Drame de Derna en Libye : la Belgique n’aurait-elle pas pu en faire plus ?
Faute d’un hôpital de campagne dont le déploiement est proscrit en zone de conflit, l’aide est réduite, très réduite.
Au lendemain du séisme au Maroc, la Belgique a déclenché son plan d’intervention d’urgence B-Fast ouvrant la possibilité à un déploiement d’une unité médicale sur place. Rabat a décidé de ne pas solliciter l’aide belge. Préparé, le dispositif ne pouvait-il pas servir utilement en Libye, frappée plus sévèrement deux jours plus tard par la tempête Daniel?
Trois conditions sont requises pour mettre en œuvre une mission B-Fast: le pays sinistré n’est pas en mesure d’apporter l’assistance requise à ses citoyens, il doit faire appel à l’aide de la Belgique, et la région touchée ne peut pas être le théâtre d’un conflit armé. C’est en vertu de ce troisième critère que la Belgique n’a pas déployé d’hôpital de campagne à Derna. Un conflit armé persiste effectivement en Libye. En revanche, la région sinistrée, à l’est de Benghazi, n’a pas connu d’affrontements armés de grand ampleur depuis 2015. Eût-il été possible de distinguer la région du pays?

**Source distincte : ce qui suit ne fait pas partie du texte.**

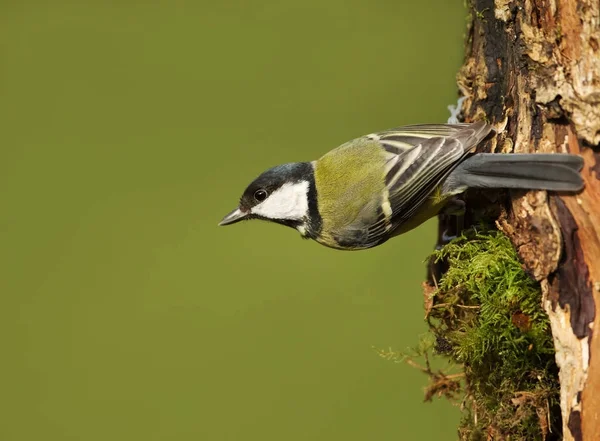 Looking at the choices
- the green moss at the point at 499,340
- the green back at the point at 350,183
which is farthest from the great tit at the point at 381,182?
the green moss at the point at 499,340

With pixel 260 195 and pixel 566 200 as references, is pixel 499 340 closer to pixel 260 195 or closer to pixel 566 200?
pixel 566 200

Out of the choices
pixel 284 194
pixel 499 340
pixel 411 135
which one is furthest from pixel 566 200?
pixel 284 194

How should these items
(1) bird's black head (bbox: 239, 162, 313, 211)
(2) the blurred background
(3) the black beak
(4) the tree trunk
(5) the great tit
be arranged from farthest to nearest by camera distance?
(2) the blurred background → (3) the black beak → (1) bird's black head (bbox: 239, 162, 313, 211) → (5) the great tit → (4) the tree trunk

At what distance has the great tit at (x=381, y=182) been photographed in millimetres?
1815

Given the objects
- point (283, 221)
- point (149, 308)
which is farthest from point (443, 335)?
point (149, 308)

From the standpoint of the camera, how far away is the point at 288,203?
84.4 inches

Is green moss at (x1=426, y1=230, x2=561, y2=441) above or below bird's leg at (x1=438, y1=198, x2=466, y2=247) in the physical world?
below

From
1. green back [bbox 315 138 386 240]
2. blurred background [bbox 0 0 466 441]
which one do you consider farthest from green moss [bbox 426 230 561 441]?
blurred background [bbox 0 0 466 441]

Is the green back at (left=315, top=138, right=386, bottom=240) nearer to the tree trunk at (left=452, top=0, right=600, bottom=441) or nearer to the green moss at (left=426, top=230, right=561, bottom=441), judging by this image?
the green moss at (left=426, top=230, right=561, bottom=441)

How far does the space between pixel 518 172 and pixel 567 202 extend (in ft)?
0.47

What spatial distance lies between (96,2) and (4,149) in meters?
1.22

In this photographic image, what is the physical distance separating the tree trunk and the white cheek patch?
0.67 m

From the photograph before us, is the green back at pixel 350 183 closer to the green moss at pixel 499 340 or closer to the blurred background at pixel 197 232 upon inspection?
the green moss at pixel 499 340

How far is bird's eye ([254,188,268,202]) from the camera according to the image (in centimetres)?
212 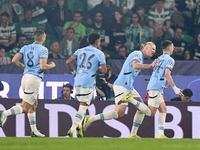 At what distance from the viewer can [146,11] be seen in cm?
1359

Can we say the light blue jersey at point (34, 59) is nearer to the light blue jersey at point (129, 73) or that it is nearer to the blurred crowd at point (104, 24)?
the light blue jersey at point (129, 73)

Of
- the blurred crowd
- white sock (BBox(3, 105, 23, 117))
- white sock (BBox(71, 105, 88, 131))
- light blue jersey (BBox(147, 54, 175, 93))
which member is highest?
the blurred crowd

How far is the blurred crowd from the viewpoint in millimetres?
12727

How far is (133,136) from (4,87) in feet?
12.7

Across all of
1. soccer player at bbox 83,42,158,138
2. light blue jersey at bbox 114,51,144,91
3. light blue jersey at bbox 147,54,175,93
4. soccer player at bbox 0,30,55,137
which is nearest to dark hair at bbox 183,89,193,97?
light blue jersey at bbox 147,54,175,93

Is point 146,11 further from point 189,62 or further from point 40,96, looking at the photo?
point 40,96

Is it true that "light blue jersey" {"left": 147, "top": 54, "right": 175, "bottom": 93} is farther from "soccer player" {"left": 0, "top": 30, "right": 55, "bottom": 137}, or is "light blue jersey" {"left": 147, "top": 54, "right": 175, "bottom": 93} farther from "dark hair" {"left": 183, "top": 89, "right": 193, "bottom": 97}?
"soccer player" {"left": 0, "top": 30, "right": 55, "bottom": 137}

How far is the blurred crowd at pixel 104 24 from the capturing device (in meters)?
12.7

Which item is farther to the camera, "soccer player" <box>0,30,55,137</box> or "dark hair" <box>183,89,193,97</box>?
"dark hair" <box>183,89,193,97</box>

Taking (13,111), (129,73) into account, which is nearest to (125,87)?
(129,73)

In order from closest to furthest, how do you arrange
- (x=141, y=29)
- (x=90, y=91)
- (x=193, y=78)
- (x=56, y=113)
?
(x=90, y=91) < (x=56, y=113) < (x=193, y=78) < (x=141, y=29)

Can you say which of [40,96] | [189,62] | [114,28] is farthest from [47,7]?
[189,62] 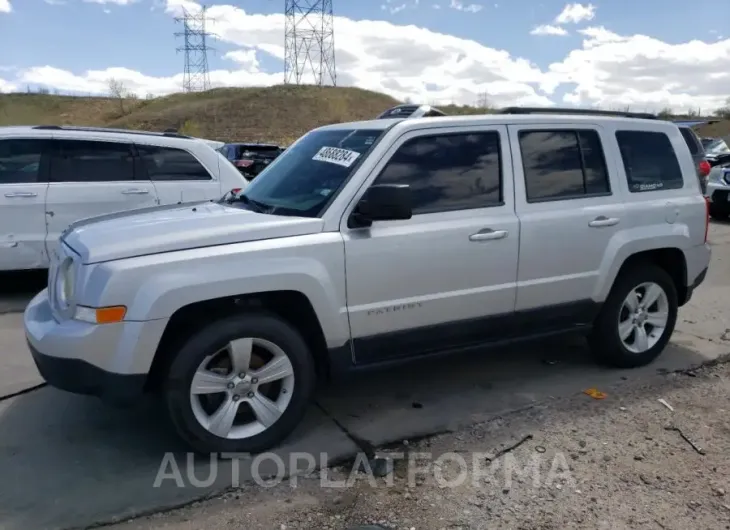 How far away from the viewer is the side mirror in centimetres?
371

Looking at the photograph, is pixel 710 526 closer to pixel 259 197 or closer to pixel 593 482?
pixel 593 482

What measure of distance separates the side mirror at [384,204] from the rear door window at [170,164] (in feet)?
14.0

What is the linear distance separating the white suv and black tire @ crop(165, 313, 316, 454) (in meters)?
3.69

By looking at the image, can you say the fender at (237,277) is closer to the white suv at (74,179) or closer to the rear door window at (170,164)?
the white suv at (74,179)

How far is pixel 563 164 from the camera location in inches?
184

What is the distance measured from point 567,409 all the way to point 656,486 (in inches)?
38.1

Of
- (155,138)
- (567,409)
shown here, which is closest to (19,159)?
(155,138)

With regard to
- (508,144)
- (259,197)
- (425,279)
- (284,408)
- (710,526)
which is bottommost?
(710,526)

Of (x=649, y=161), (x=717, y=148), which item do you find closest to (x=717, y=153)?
(x=717, y=148)

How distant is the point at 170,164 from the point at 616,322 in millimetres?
5083

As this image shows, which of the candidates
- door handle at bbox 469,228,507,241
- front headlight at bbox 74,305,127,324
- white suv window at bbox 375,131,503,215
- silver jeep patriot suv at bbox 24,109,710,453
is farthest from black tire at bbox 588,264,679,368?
front headlight at bbox 74,305,127,324

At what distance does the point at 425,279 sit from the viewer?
407 cm

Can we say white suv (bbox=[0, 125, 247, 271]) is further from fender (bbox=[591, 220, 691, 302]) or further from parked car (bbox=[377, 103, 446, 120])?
fender (bbox=[591, 220, 691, 302])

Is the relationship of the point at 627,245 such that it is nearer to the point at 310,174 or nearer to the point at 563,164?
the point at 563,164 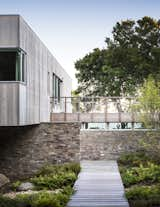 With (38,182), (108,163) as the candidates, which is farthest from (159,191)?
(108,163)

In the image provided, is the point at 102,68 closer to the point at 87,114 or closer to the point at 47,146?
the point at 87,114

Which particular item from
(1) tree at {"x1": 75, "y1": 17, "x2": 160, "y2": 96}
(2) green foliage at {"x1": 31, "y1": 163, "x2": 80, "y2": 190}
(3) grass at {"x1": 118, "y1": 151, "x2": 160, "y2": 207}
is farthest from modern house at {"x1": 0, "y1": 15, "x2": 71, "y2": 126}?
(1) tree at {"x1": 75, "y1": 17, "x2": 160, "y2": 96}

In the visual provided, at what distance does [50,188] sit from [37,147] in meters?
5.96

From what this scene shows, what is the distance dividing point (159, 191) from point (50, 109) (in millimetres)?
13812

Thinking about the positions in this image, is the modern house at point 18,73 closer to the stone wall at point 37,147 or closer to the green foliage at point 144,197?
the stone wall at point 37,147

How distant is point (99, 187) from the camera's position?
1919 centimetres

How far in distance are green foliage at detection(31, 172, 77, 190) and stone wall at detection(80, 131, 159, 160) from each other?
6.82 meters

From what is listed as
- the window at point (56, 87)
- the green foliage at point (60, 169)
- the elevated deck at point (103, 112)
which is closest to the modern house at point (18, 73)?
the green foliage at point (60, 169)

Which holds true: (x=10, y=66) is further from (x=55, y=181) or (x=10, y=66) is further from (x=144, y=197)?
(x=144, y=197)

«C’est la situation sur l’ensemble de la région pertinente qui est prise en compte, justifie le porte-parole du ministère des Affaires étrangères, Nicolas Fierens. La Libye connaît un risque permanent d’instabilité et de violence. Le contrôle effectif des autorités publiques sur le territoire est très variable. Par conséquent, les conditions de sécurité sur l’ensemble du pays demeurent très imprévisibles et dangereuses. Les risques d’affrontements entre des groupes armés sont élevés. Dans ces circonstances, le déploiement d’un hôpital de campagne par B-Fast sur place n’est clairement pas possible. Toutefois, il peut être raisonnablement considéré que, au vu du cessez-le-feu régnant à Derna, les conditions sont actuellement réunies pour que l’aide matérielle d’urgence offerte par B-Fast puisse être effectivement acheminée à la population et lui bénéficier.» Celle-ci, faite de… 240 tentes, sept cents sacs de couchage et de 4 400 kits de première nécessité, a donc été envoyée alors que l’unité médicale, elle, est restée en Belgique.
Eût-il été possible de distinguer la région du pays?
En février de cette année, un hôpital de campagne a bien été déployé par B-Fast dans le sud-est de la Turquie, où un puissant tremblement de terre a fait des dizaines de milliers de victimes. Une région pourtant théâtre d’un conflit armé entre l’armée turque et la rébellion kurde du PKK. Le ministère des Affaires étrangères appelle du reste les Belges qui s’y rendraient à la vigilance en raison du «risque d’attentats terroristes». «La différence avec la Libye est quand même assez grande parce qu’il n’y a qu’un seul interlocuteur officiel et gouvernemental en Turquie, analyse Tanguy de Wilde d’Estmael, professeur de relations internationales à l’UCLouvain. Se déployer dans une région régie par un gouvernement non reconnu par l’ONU, comme à Derna, est beaucoup plus délicat diplomatiquement pour la Belgique. On pourrait en effet arguer qu’il s’agit d’une région où il y a eu un conflit armé et où il n’y en a plus. Mais ce serait plus simple de l’acter dans un Etat qui n’est pas complètement divisé.» La Libye pâtit donc de son instabilité politique. Ne mériterait-elle tout de même pas un autre traitement? Même rapportée à l’écart entre le nombre de morts recensés en Turquie (cinquante mille) et estimés en Libye (vingt mille), la différence dans l’aide matérielle à la population libyenne pose question.